Big government: Like big corporations, but actually bad.

"Progressives" like to rail against big corporations, especially big oil companies as "exploitative". But when I think "exploitative", I don't think ExxonMobil. (Well, not in America, at least. Chad is another story.) I think OPEC - a multinational organization composed of governments - big ones. The governments of the OPEC nations don't just regulate their countries' oil industries, they are their countries' oil industries. Today, OPEC announced that it will make a cut in production. They did this not because they believe that's what's in the best interest of the "global community" (whatever that means), but rather because they "want to balance supply and demand". In other words, they want to maximize profit.

There's nothing expressly wrong with that, if you think of the OPEC governments as corporations. But if you think of them as governments just trying to do what's best for the little guy - which Hugo Chavez, a member, would certainly like you to - then it's reprehensible.

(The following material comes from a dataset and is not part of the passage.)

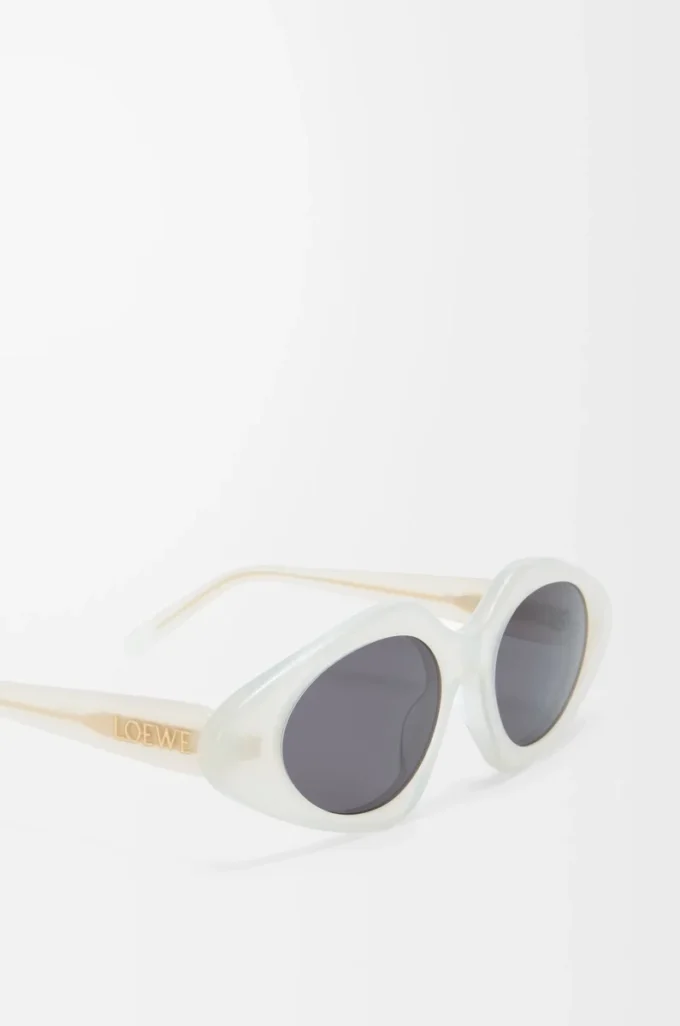 Lunettes de soleil Triangle Slim Milky Ivory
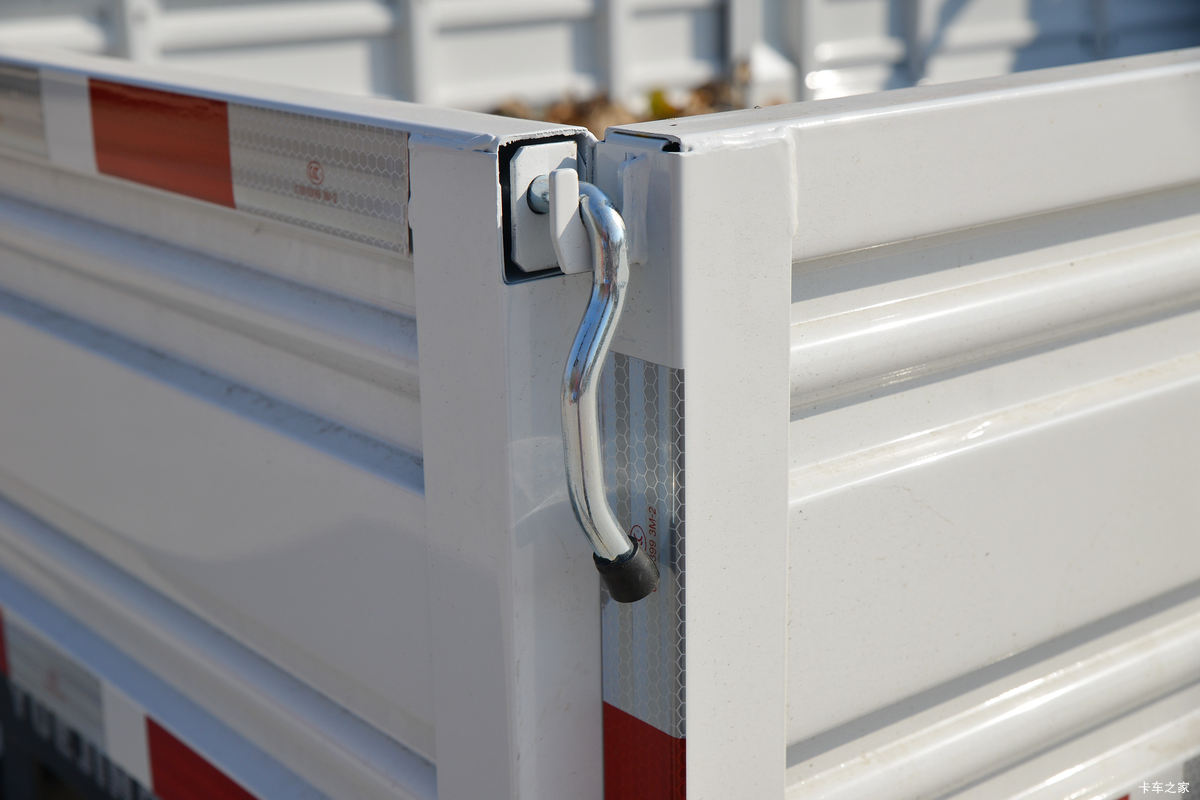 Ծ�� ��ԽC300 150���� 4.2�׵��������Ῠ(����)(SH1043ZFDDMZ)��װ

And even the overtly for-profit nations spend oil money on weird stuff: financing Sudan's murderous Janjaweed militia (experts in ethnic cleansing and mass rape), funding other Muslim militias in the Sahel, and, in the case of Saudi Arabia, paying a huge annual stipend to tens of thousands of men who do no work but apparently are Saudi princes by birthright.

Either way, government control of the energy industry certainly doesn't help "the people". It helps some people, sure, but those people seem to have a talent for being scumbags.